Dass der zeitliche Verlauf der (kumulativen) Kurve der Infektionszahl eine Information zur Kinetik, zur Geschwindigkeit der Infektionsausbreitung enthielt, war offensichtlich, denn ihr Anstieg wird durch eine kinetische Größe bestimmt, die auch die Physikerin Angela Merkel favorisiert: Die Zahl der Neuinfektionen pro Einwohner und Zeiteinheit (um möglichst von breiten Kreisen der Bevölkerung besser verstanden zu werden, nennen manche den Wert für ein Zeitmaß von 7 Tagen auch die 7-Tage-Inzidenz).
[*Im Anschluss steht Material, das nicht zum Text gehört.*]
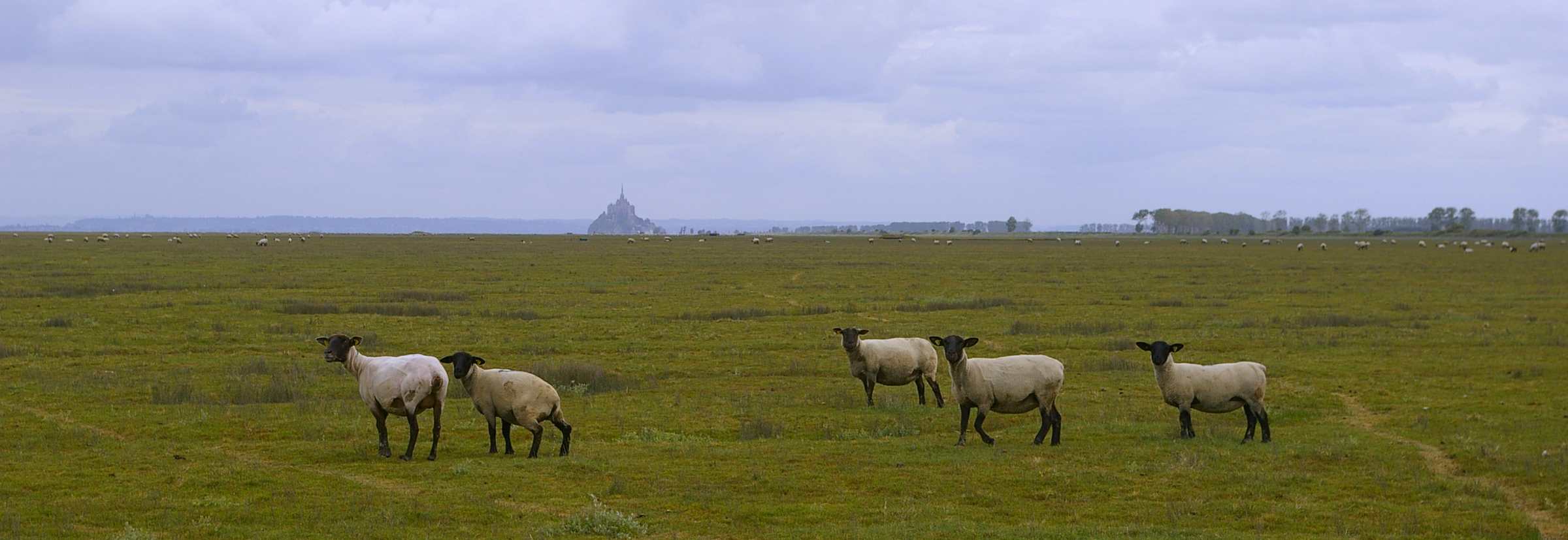 Guide Mont St Michel - Normandie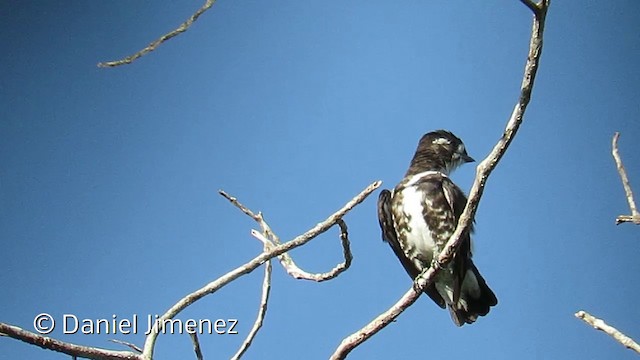 White-browed Purpletuft - ML201953981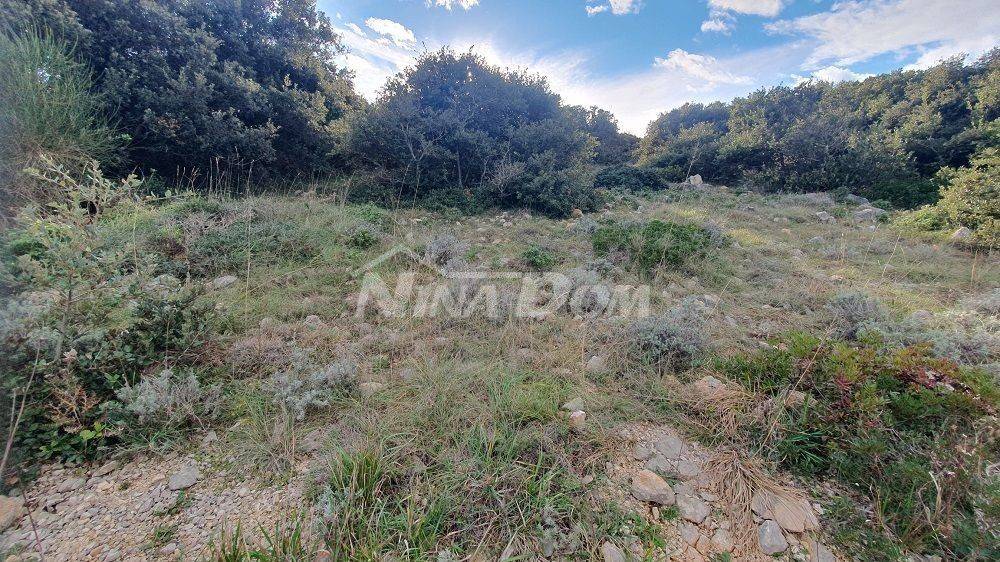 Poljoprivredno zemljište, Prodaja, Vir, Vir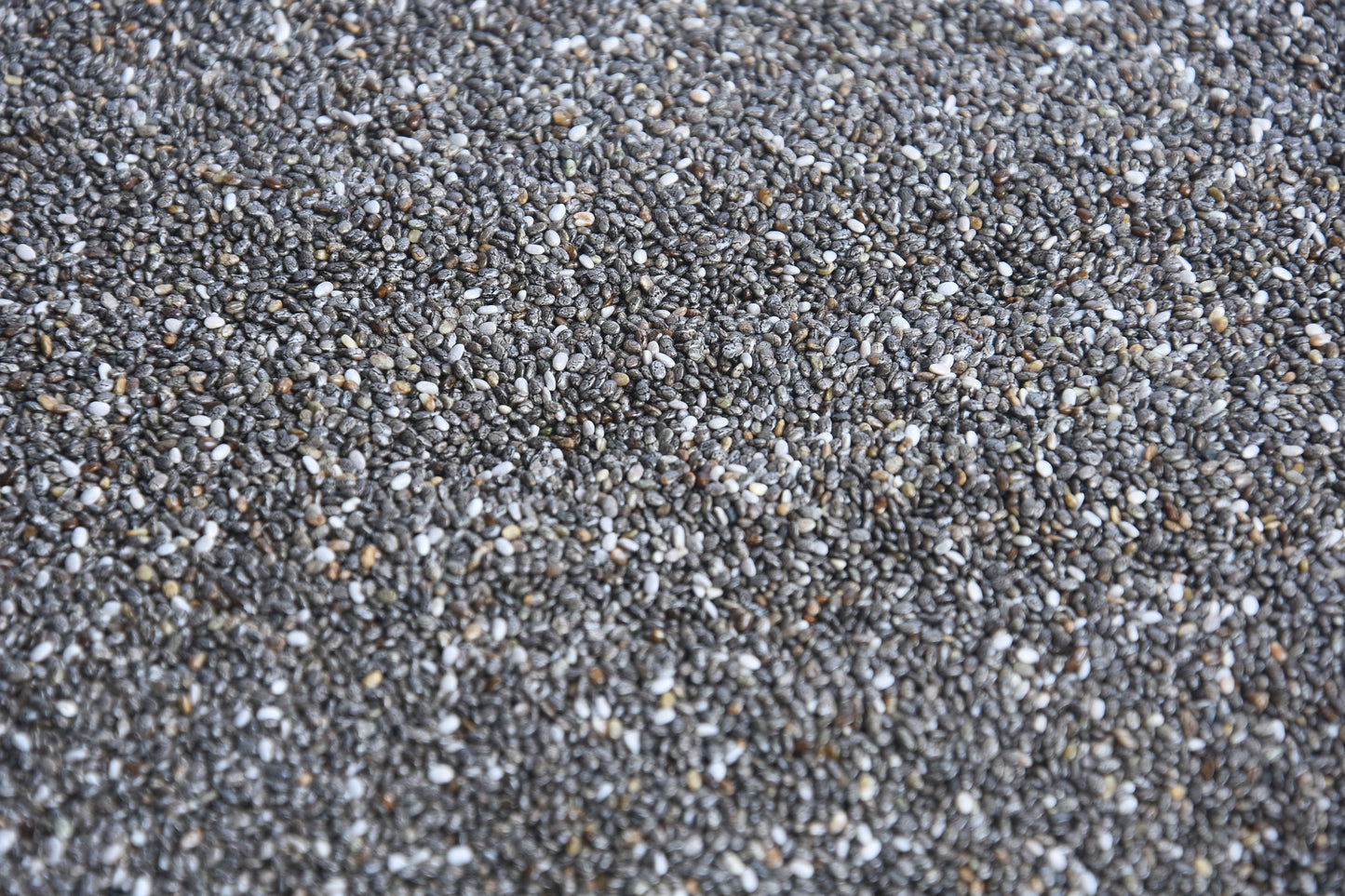 CHIA SEED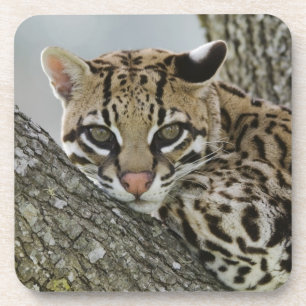 Ocelot, Felis pardalis, gefangen, weiblich ruhen 2 Untersetzer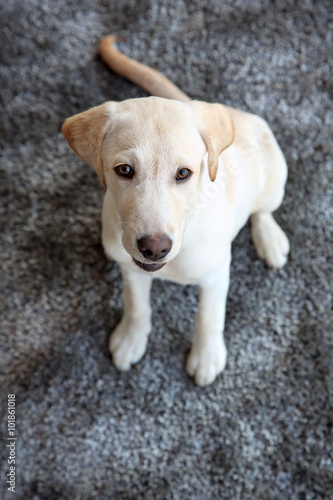 Cute Labrador dog on gray carpet  closeup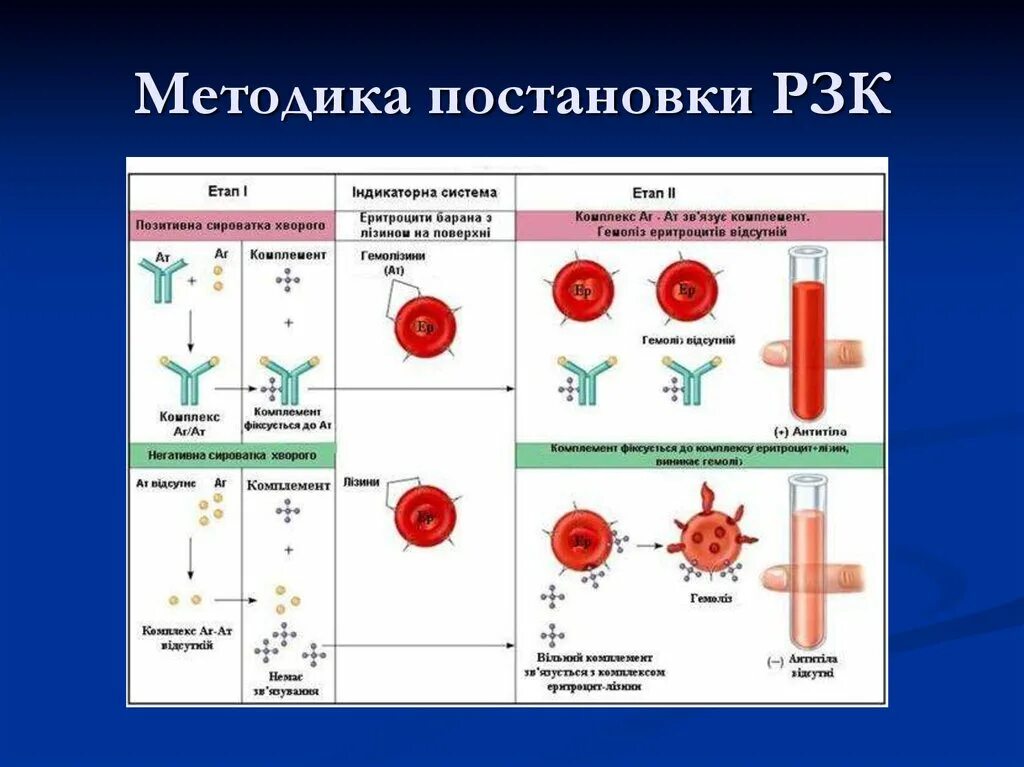 Рск дист. Реакция связывания комплемента микробиология. Реакция связывания комплемента РСК. Реакция связывания комплемента механизм. Реакция связывания комплемента РСК микробиология.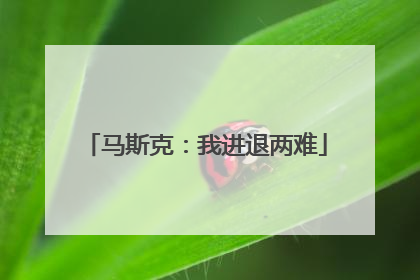 马斯克：我进退两难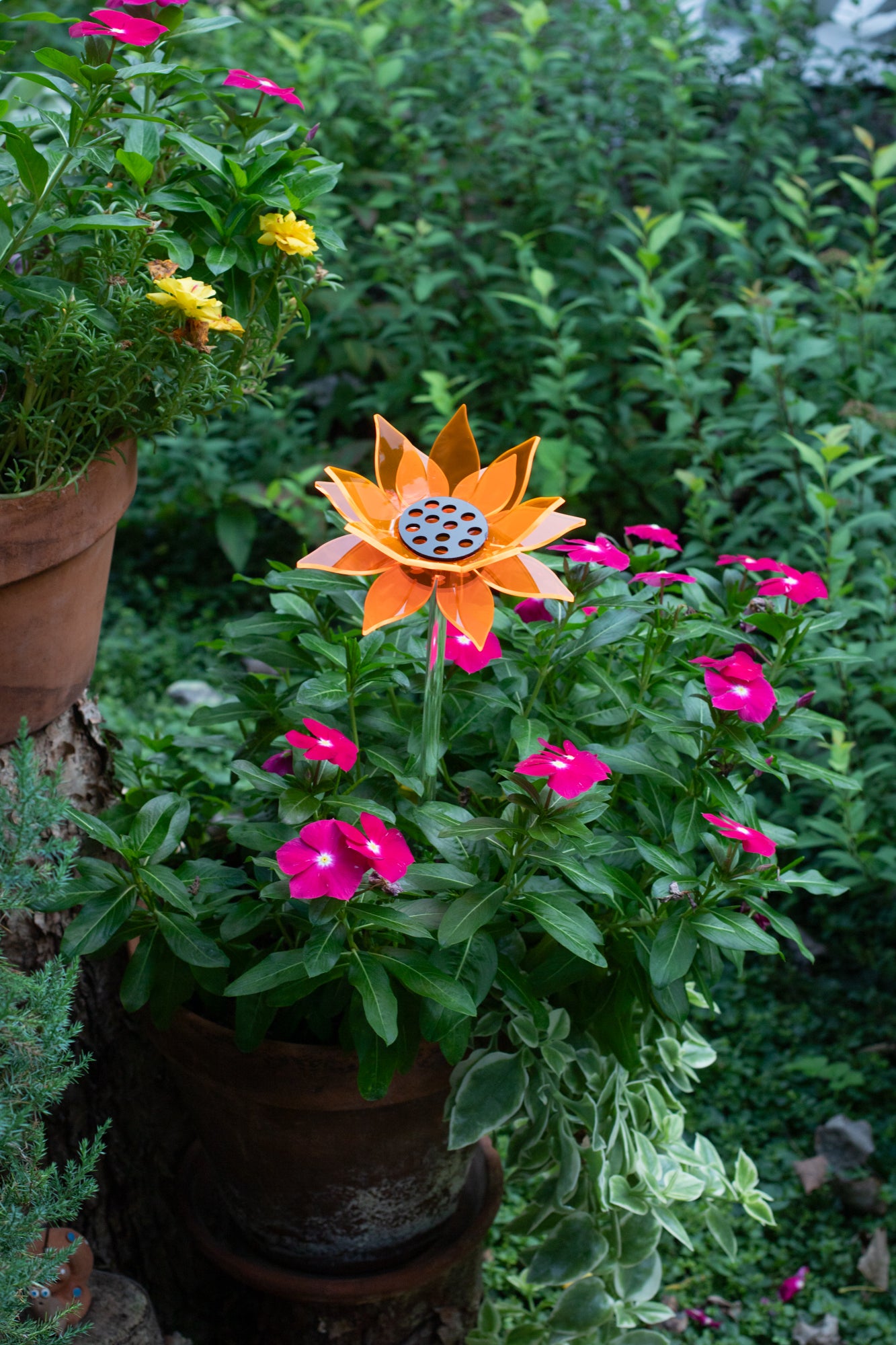 Orange Sunflower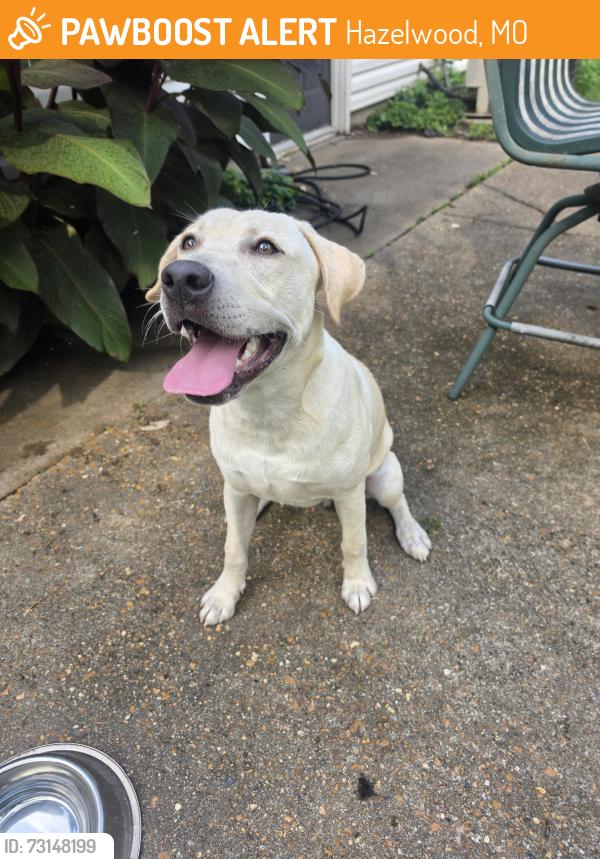 Found/Stray Male Dog last seen Charbonier and Lindbergh, Hazelwood, MO 63042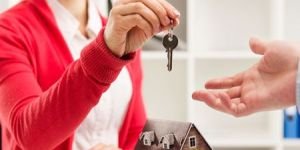 Real Estate Consultant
Deren Zeitverlauf gibt Auskunft über die Geschwindigkeit des Infektionsverlaufs und diese findet ihre Entsprechung im "Anstieg der Kurve". Solch' Überlegung war sonst nicht auffindbar oder wurde von mir übersehen.
Bitte erwarten sie jetzt keinen epidemiologischen Fachartikel. Ich verstehe von dem Fach noch immer nichts und habe deswegen auch noch immer kein Modell weder ein epidemiologisches noch ein mathematisches, denn ich bin auch kein Mathematiker. Ich beschränke mich auf eine formale, elementarmathematische Analyse.
Vielleicht können Sie das Folgende sportlich nehmen. Denn ich treibe nur ein wenig Denksport. Da ich im Hoch- und Weitsprung nie wirklich gut war, meide ich die Arena, in der Profis ihren Wettkampf austragen; ich bin dort auch gar nicht zugelassen. Also treibe ich nur ein wenig Gymnastik, ich denke, dies ist das rechte Wort, selbst wenn ihnen diese hin und wieder ungelenk vorkäme, nur ein wenig Gymnastik mit Zahlen und Buchstaben.
Häufigkeitsverteilung und Bruttokinetik
Die Häufigkeitsverteilungsdichte der Neuinfektionen charakterisiert die Bruttokinetik des Infektionsgeschehens (Der Divisor des Quotienten, den die Bundeskanzlerin bevorzugt, ist eine Konstante: Die Zeit, hier 1 Tag, ist konstant und auch die Einwohnerzahl, ist verglichen mit der Infektionszahl so groß, dass auch diese als konstant angesehen werden kann. Aus Bequemlichkeit und um mit eingängigen Zahlen zu hantieren, vernachlässige ich diese Konstante).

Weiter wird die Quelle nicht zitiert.